Visitors can see Russia's impressive Mack-made Euro-Mir roller coaster before entering this foreign land. A bizarre skyscraper a building, the bulk of this structure is a spinning roller coaster based around Russian space travel.
Techno music emanates from this edifice of steel and light and follows riders up the spiraling entry. Once you have been safely secured within the car, there is a dark, ominous climb toward the top with the car eventually popping out on the tracks high above the park. If you can keep your eyes open as you spin at great heights, this is one of the best views of the park.

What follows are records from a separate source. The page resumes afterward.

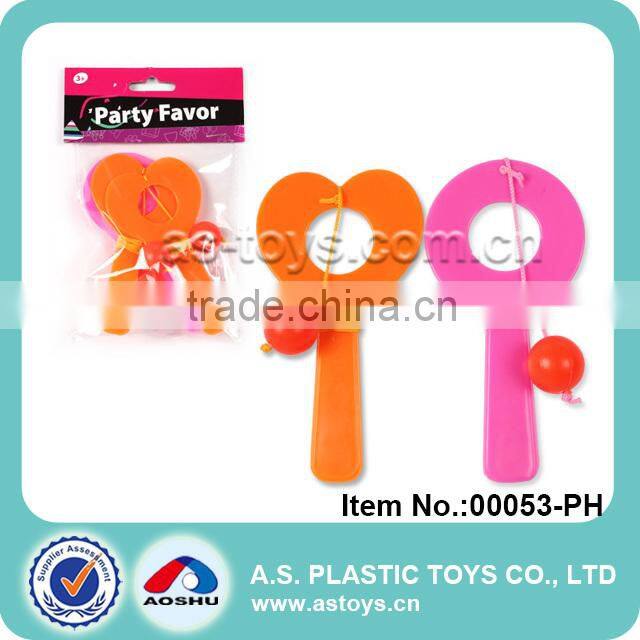 Party Favor girl's play plastic toy makeup mirror set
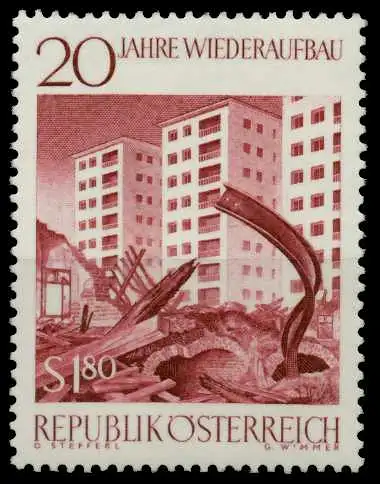 ÖSTERREICH 1965 Nr 1179 postfrisch S5A65F6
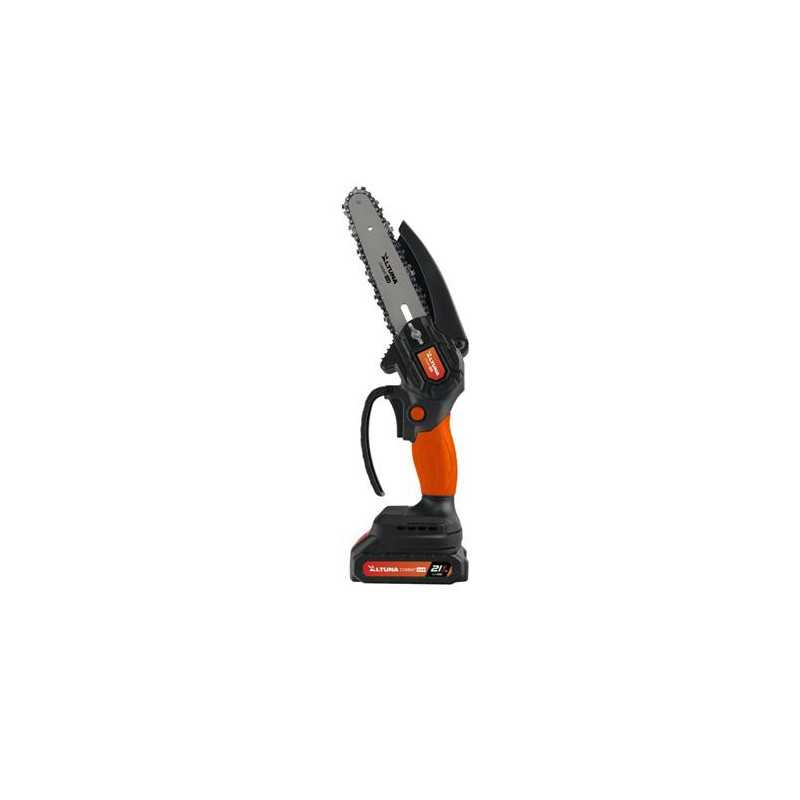 Motosierra batería ALTUNA 21v-2ah 2 bat AF150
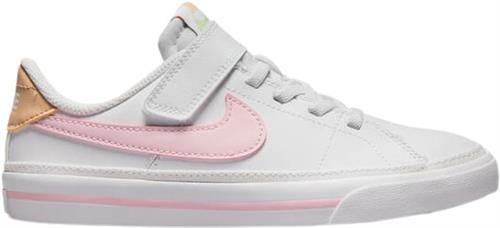 Nike Court Legacy Sneakers Hvid Sneakers Str 34 - hos Magasin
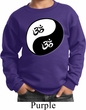 Kids Yoga Sweatshirt Yin Yang AUM Sweat Shirt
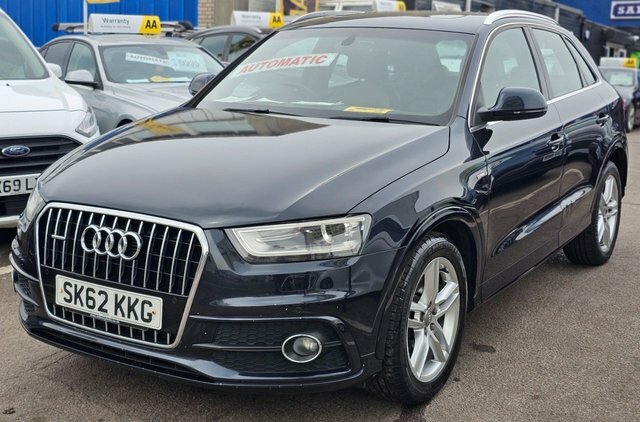 Audi Q3 2.0 Tfsi S Line Suv S Tronic SK62KKG Blue #3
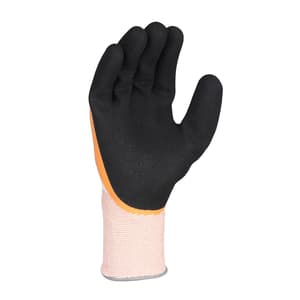Black+Decker Orange Supported Hand Gloves (Small), BXPG0335IN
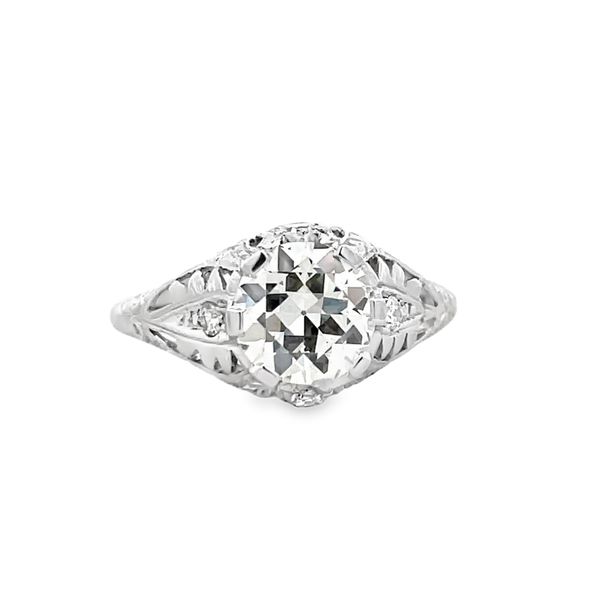 Estate - Diamond Ring Flora Gems Decatur, IL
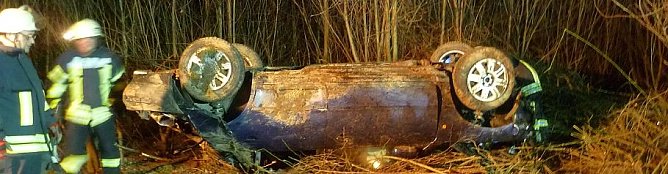 Unfall auf der Autobahn 38 (Foto: API)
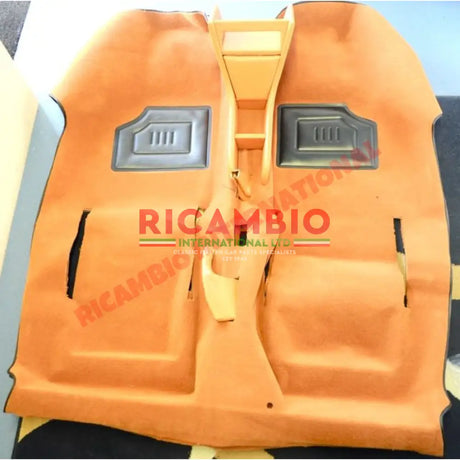 Tan Centre Console - Classic Fiat 500 126 - Interior Trim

If you prefer a ride that shouldn't be followed with a vodka shooter to calm your nerves, there are also handcrafts, a children's car ride and a snowflake ride through the Siberian landscape.
A walk through Italy is centered on the seven meter high Fontana di Paradiso in the middle of the lake. Piccolo Mondo is a guided ride by Enzo the parrot through Pisa, Venice and Florence. If you prefer something a little more thrilling, the Geisterschloss (Ghost Castle) can inspire fear in younger visitors.
And what to eat? Pizza! What else at Pizzeria Venezia?
Another of the park's star rides can be found here. The Silver Star is Europe's second highest (239ft tall) and fifth fastest roller coaster (top speed of 78mph).
The eye-catching EuroSat is another high-stakes thrill ride of an indoor coaster that looks suspiciously like Walt Disney World's Epcot. It is - like the Eur-Mir - themed around space travel.
Prefer something prehistoric? The Universe of Energy provides a cheesy and enjoyable dinosaur themed ride.
Take a break at this mid-way point to glide gently upwards on the Euro-Tower for a spectacular view of the park.
Just like London, the England area is full of attractions. Mostly family friendly, these include the Queens Diamonds laser gun game, Silverstone Race Track, British Carousel, London Bus (magic carpet ride), Historama Museum (history of Europa-Park) and the Globe Theater show venue.
One of the best interpretations of a theme, this area tackles all of Scandinavia rather then the individual countries that make-up the region. True to form, there is Fjord-Rafting, a Norwegian Church and a complete Fishing Village.
For a little action, take a giant swing on the Viking ship, Vindjammer.